Tough times never last.
Tough people, with their intuitive ability to pilot the sport's nautical seas, however…
And build character that trumps all else in those unforgiving, historical records.
"I learned a lot last year," said Okotoks native Peyton Krebs of an arduous campaign in Cranbrook, B.C. "It … wasn't a good year for us.
"But as a person, I grew.
"As a player, I grew.
"Things weren't going well for us as a team, and when situations like that happen and you're fighting adversity all year, you look to your leaders to help guide the ship."
The 6-foot-1, 183-lb. centre captained the WHL's Kootenay Ice last year and led the team with 68 points (19G, 49A) in 64 games, and played a key role in all situations, including the powerplay and penalty-kill.
But as a team, the Ice - who have since relocated to Winnipeg - struggled.
Their 13 wins were the second-fewest in franchise history as the club missed the WHL playoffs for the fourth straight season.
As a 17-year-old donning the 'C' for the B.C.-based troupe, Krebs felt the brunt of that result.
The pressure, too.
But as all good leaders do, he didn't blame others for what was a collective misfortune. He had the confidence, the courage and compassion to help reunite a fragmented group, to work closely with the younger players and develop a plan so they, too,
could see value in the process.
"I tried to be the guy that others could look up to," Krebs said. "When you're going through that kind of a year - living in the disappointment, day after day - it's tough.
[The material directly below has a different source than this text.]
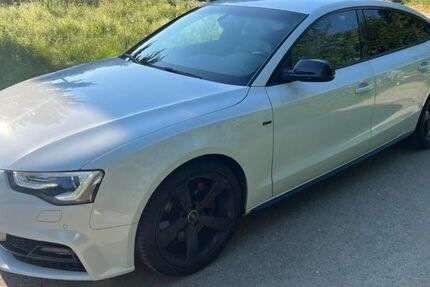 Audi A5 210.000 km 13.499 &euro; Korntal-Münchingen 70825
But what our team needed was a presence; someone the younger players could look up to so they could move on into next year, or the next phase of their careers, and have
"Despite everything that went wrong on the ice, I had a lot of fun with the guys in that locker-room."
People from across the hockey world took note.
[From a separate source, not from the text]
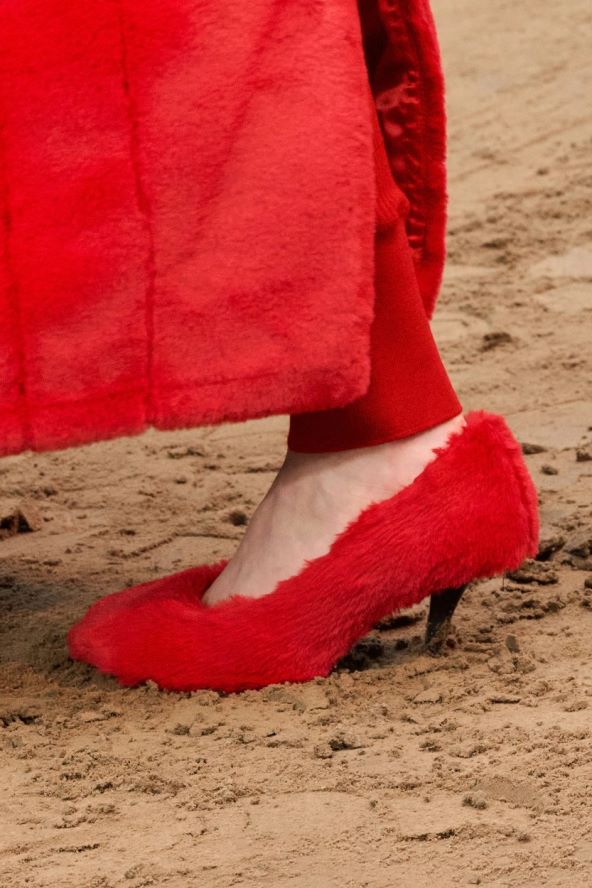 Stella McCartney modna revija i konji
Krebs, the former first pick in the 2016 WHL Bantam Draft, went on to captain the Canadian squad at the World Under-18 Championship in Sweden this past April. He ran with the responsibility and tied for fifth in tournament scoring with 10 points (6G, 4A) in 10 games, trailing Americans Jack Hughes, Matthew Boldy, Cole Caufield and Cameron York.
But among his many experiences over the past calendar year, Krebs doesn't view himself through the lens of an offensive dynamo.
He prides himself on his defensive acumen and play away from the puck as being his greatest asset.
"I've been fortunate to be on those (Canadian) teams and to play with some amazing players in the past, but to play against those guys this time, it was pretty cool," said Krebs. "It was a good test. Defensively, if you can play against those top guys and shut 'em down, that's something."
Krebs enters the Draft as a potential Top-10 pick.
It's possible an off-season achilles injury - suffered recently during a summer training session - could affect where he goes, but considering the body of work he put in over the course of the campaign and the impression he left at the NHL Scouting Combine earlier this month, it's unlikely.
When you're the complete package like he is …
When you have the kind of elite hockey sense, passing ability and high hockey IQ like he does …
Not even a walking boot will slow his crawl to the podium early in Friday's first round at Rogers Arena.
He won't let it.
Healthy or not.
"I'm going to come to the rink every day and work the hardest," Krebs said.
"That's the message I wanted to get out (at the Combine).
"There's no better quality in a person, I think."
Certainly, a player of Krebs' character would know a thing or two about that.